I came up with the example myself, but it was based on bits and pieces of things I've heard and thought about over the years.
The main seed was how poker chips lose value in a multiple payout tournament the more you have (And I realize that this isn't based on the player's perception, but on a mathematically demonstrable model, although the utility concept would suggest the additional chips have even less value than the math suggests--as, for example, each dollar of prize money for 1st place at the main event is worth less than each dollar of prize money for 2nd. But the surprising concept was that they aren't worth "face" value, even though they were at the beginning, which would indeed surprise a lot of people).
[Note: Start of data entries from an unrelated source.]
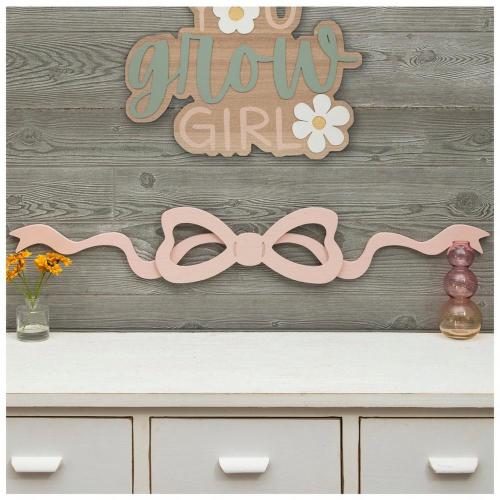 Pink Bow Wood Wall Decor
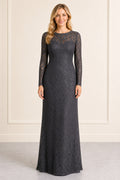 Charcoal Bateau Long Sleeve Sheath Lace Floor-Length Dress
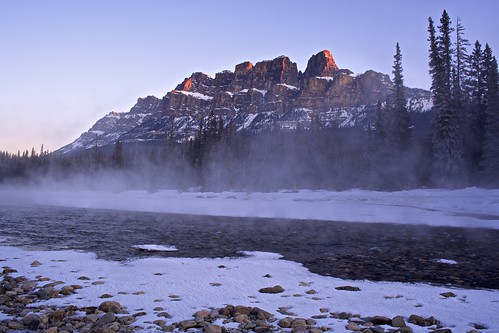 park morning winter light mist mountain canada mountains cold castle ice sunrise river rockies fire rocky peak canadian flame national alberta bow summit banff ember icy frigid precipice eisenhower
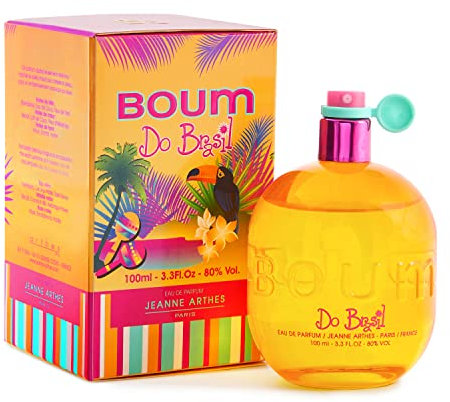 JEANNE ARTHES - Eau de Parfum Femme - Boum Do Brazil - Floral - Fleur de Tiaré et Musc - Fabriqué en France à Grasse - Cadeau femme - Flacon Vaporisateur 100 ml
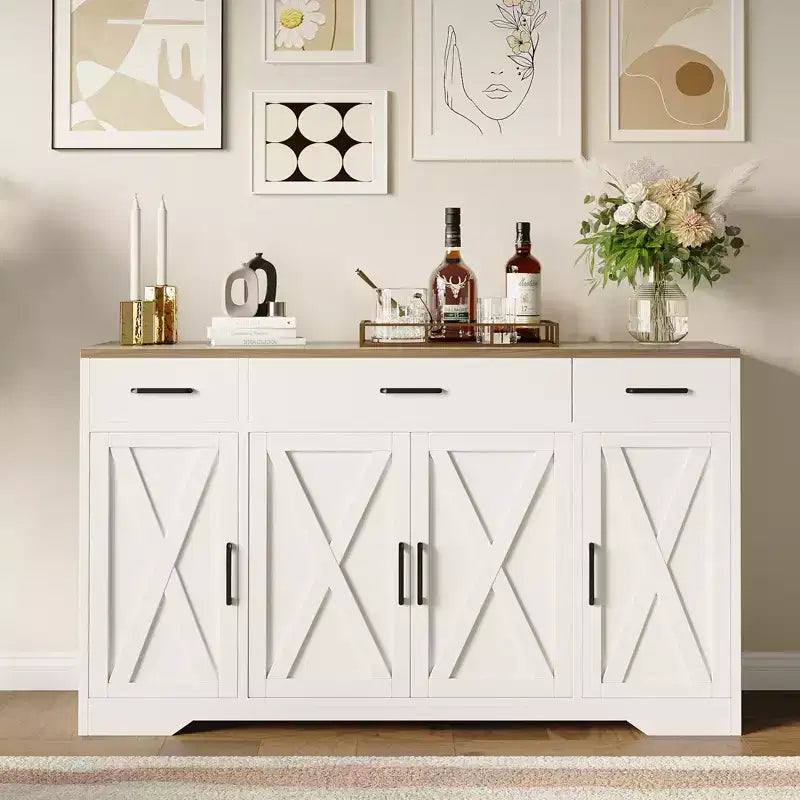 Meuble de Rangement Buffet avec Tiroirs, Grand Bar à Café en Bois de 140 cm avec Étagères et Portes pour Cuisine, Salle à Manger, Salon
Also, there was a game show a few years ago where the contestant had to pick suitcases and eliminate money amounts, hoping to wind up with the suitcase worth $1M. The "banker" would make offers to tempt the contestant to stop, but these offers didn't seem like a fair deal mathematically. But they did take advantage of the utility concept and put the contestants at a tough decision. On two different shows, a celebrity advisor essentially suggested the contestant stop and accept the offer, because the amount offered was life changing and any additional amount won by continuing wouldn't add that much to their life beyond that, but the life changing amount could easily be lost (I think most contestants would easily come to the same conclusion on their own, if not surrounded by the lights, cameras, audience, etc., which had them out of their comfort zone). One celebrity was poker player Annie Duke. The other (the surprising one) was our current President, Donald Trump.
As far as a rich person is concerned, I think the additional money is still worth less, but, also, losing the flip doesn't hurt nearly as much as it does a non-rich person. And the more a person is worth the less the additional money is worth to that person. And I realize someone's background and personality could cause this behavior to vary, even drastically.
But what if we talk really rich. Suppose Mr. Buffet made the 2:1 offer to Bill Gates? Mr. Gates might take him up on it a few times, but probably would quickly get bored. The amounts mean little to him, but his time is probably very precious to him. And this phenomenon probably is more significant the older a person is, as older folks value their time more (because they have less of it--the utility concept applied to time vis-à-vis age
). So a 70 year old Bill Gates might very well tell Mr. Buffet, "Go bother someone else with this silliness."